** Directions **
No line before the one holding "Painolevyt kuntosalilaitteessa, numerot" is wanted; restate word for word that line and all lines after it to the end of the entries, excluding pictures.

** Records supplied **
# # #
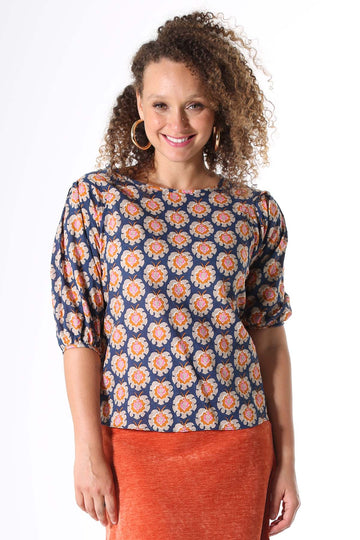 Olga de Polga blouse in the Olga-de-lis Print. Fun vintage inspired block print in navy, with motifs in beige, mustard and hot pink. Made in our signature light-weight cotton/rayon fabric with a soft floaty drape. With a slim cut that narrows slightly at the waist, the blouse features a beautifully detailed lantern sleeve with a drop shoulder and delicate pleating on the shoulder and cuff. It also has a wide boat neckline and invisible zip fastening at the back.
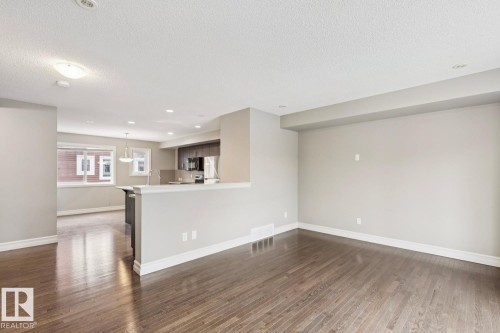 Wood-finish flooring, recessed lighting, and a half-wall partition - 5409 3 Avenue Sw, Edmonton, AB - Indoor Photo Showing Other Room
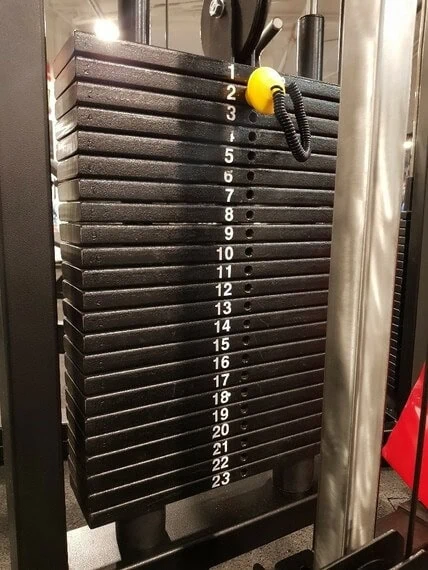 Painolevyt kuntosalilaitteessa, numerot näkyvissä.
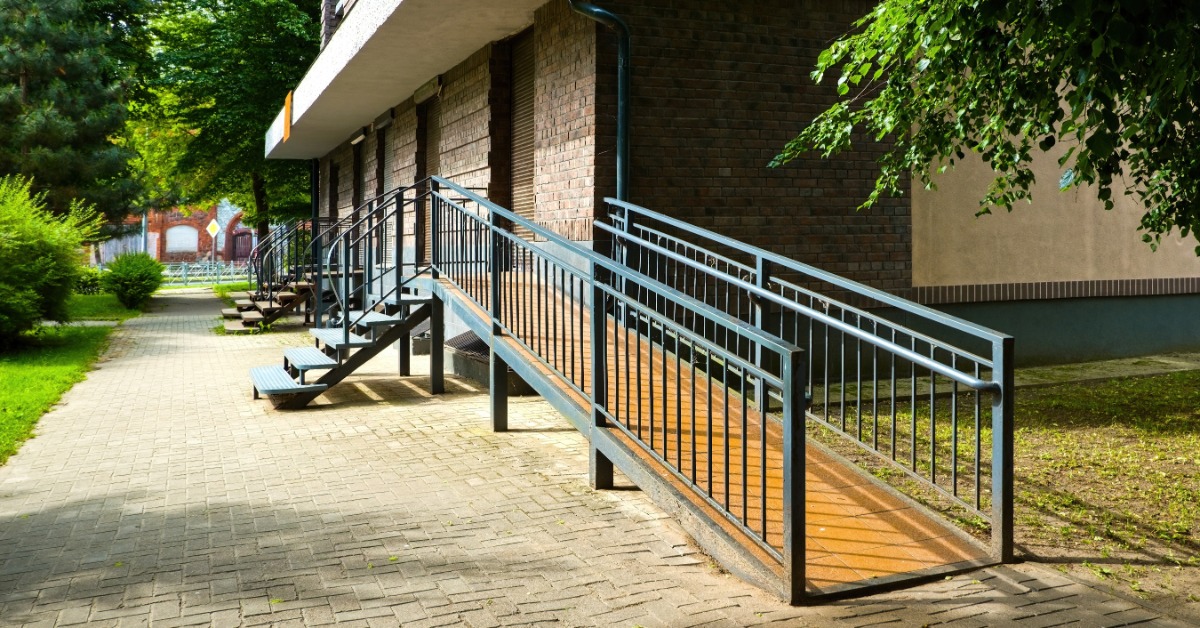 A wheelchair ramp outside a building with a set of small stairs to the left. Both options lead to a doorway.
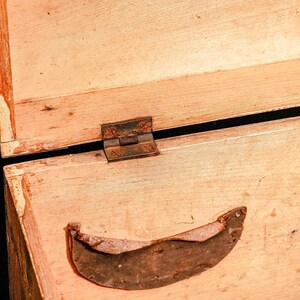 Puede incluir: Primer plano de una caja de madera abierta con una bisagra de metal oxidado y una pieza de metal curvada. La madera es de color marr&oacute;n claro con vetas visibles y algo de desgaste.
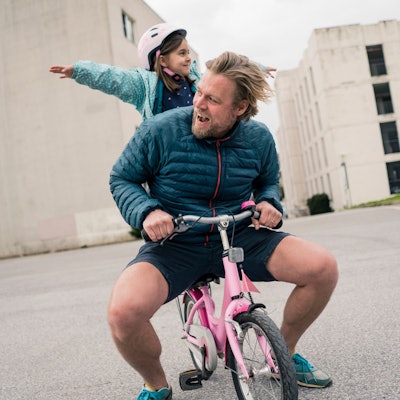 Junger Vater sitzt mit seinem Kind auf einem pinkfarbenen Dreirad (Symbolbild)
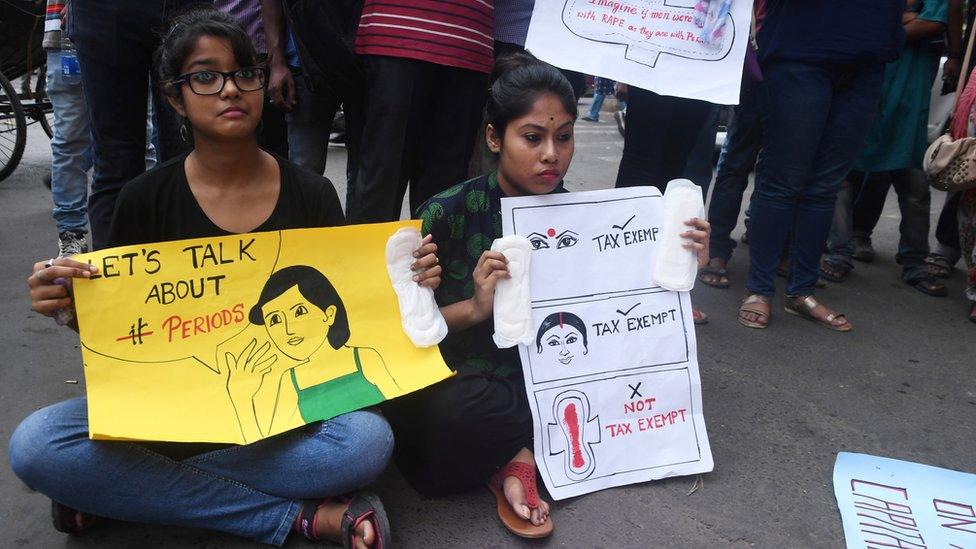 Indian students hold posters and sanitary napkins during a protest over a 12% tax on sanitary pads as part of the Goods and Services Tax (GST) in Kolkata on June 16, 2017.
# # #
** Solution **
 Painolevyt kuntosalilaitteessa, numerot näkyvissä.
 A wheelchair ramp outside a building with a set of small stairs to the left. Both options lead to a doorway.
 Puede incluir: Primer plano de una caja de madera abierta con una bisagra de metal oxidado y una pieza de metal curvada. La madera es de color marr&oacute;n claro con vetas visibles y algo de desgaste.
 Junger Vater sitzt mit seinem Kind auf einem pinkfarbenen Dreirad (Symbolbild)
 Indian students hold posters and sanitary napkins during a protest over a 12% tax on sanitary pads as part of the Goods and Services Tax (GST) in Kolkata on June 16, 2017.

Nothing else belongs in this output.